In the years since, I have talked to others who knew them, and I believe I know where I stand with most of them. Some continue being friendly with the business, and I don’t mind that. Others have been able to share openly how they themselves felt ‘at their hands.’

The funny thing is, I am really, really good at bearing grudges. I could grudge for Scotland. But in this case I don’t. On the other hand, when I see they are looking to recruit new staff, I don’t suggest anyone has a go. I don’t wish that experience on anybody.

If the playground could have been left where it belonged, I reckon we would all have benefitted from continued collaboration. Because when it was good, it was good. It’s just that when it wasn’t, it really, really wasn’t.

What price books?

It’s odd. I could have sworn Waterstones were offering La Belle Sauvage for £10 earlier in the week. I felt that if I ended up having to buy my own copy, that was an OK price.

But when the Resident IT Consultant was dispatched to go bookshopping on Thursday afternoon, he found otherwise. First, he checked the Stirling Waterstones web page and saw the price was £12.99. We agreed this was still all right.

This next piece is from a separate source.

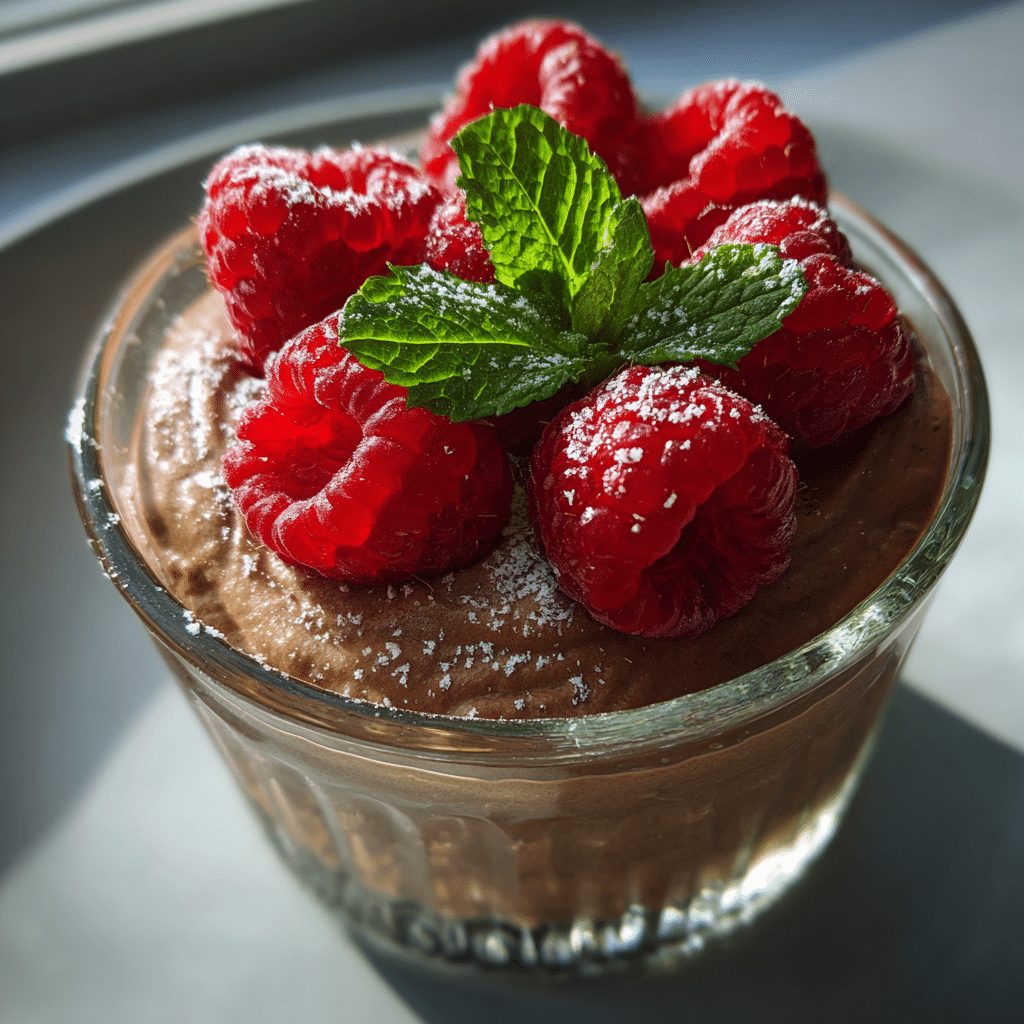cottage cheese chocolate mousse with raspberries in a glass dish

And when he got there, the price was £15.

As a good Scot he haggled. He told them about the £12.99 quoted, and said if they sold it at that price he’d buy two copies. After phoning higher powers for permission, they gave in.

If I’d known I’d need to pay, I’d have ordered early and bought at £10.

But at least we didn’t go for Blackwells Oxford on eBay, who were [are?] selling the book at a ‘reasonable’ £34.62. That’s with free postage. For a book with a cover price of £20, I am having trouble working out what’s going on.